Virtual device is implemented as a plugin, a.k.a. driver, for CoreAudio sound daemon.
Note that although CoreAudio calls these plugins "drivers", they're not kernel drivers (a.k.a. kernel extensions) and work in user-space.
The driver is running in a sandbox, isolated from filesystem, but with network access. The streaming part is integrated right into the driver. The command-line tool controls the driver via gRPC over a TCP socket on localhost.
To communicate with CoreAudio HAL, Roc VAD uses libASPL (developed by the author of these lines). You can refer to its documentation to get familiar with CoreAudio HAL concepts, which affect Roc VAD design quite a lot.
For streaming, Roc VAD uses Roc Toolkit API. Refer to its documentation for more details about interfaces, endpoints, protocols, and various sender and receiver options.
To keep things simple, there is no state outside the driver (no configuration files, no daemon, etc).
Since driver can be restarted at any point (because coreaudiod may restart), it should be able to restore its state. To achieve this, it stores serialized state in persistent storage provided by CoreAudio HAL. (There no access to filesystem, but there is a key-value storage that can be used by plugins.)
Implementation of saving and loading state is straightforward: since driver is entirely configurable via gRPC, we already have protobuf messages for everything needed to configure driver. Thus we can just store these serialized protobuf messages after each configuration update, and load them at driver start.

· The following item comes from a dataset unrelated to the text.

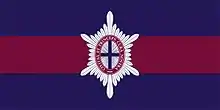 Un drapeau composé de trois bandes horizontales, la bande du centre rouge et les deux autres bandes bleues, et d'un insigne militaire au centre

The code is split into a few top-level components:
common
- static library with code shared between driver and CLI toolrpc
- gRPC spec and static library with generated stubs, also shared between driver and CLI tooldriver
- macOS bundle with CoreAudio plugintool
- CLI tool to control drivertest
- unit and integration tests for both driver and tool parts
There are three types of threads on which driver code is executed:
-
gRPC control thread(s)
gRPC handles incoming requests on its own threads. gRPC calls are delegated to
DriverService
class. -
CoreAudio control thread(s)
CoreAudio HAL queries and updates various properties of driver, plugin, and device objects from its own control threads. Most of these operations are handled by libASPL under the hood. The only operations handled by us are
OnStartIO()
andOnStopIO()
methods ofRequestHandler
class. -
CoreAudio real-time I/O thread(s)
CoreAudio HAL performs I/O on real-time threads. In the end it invoke
OnReadClientInput()
andOnWriteMixedOutput()
methods ofRequestHandler
class. These methods should be realtime-safe, i.e. should not block on any resource that can be potentially locked by a non-realtime thread, to avoid priority inversion problems.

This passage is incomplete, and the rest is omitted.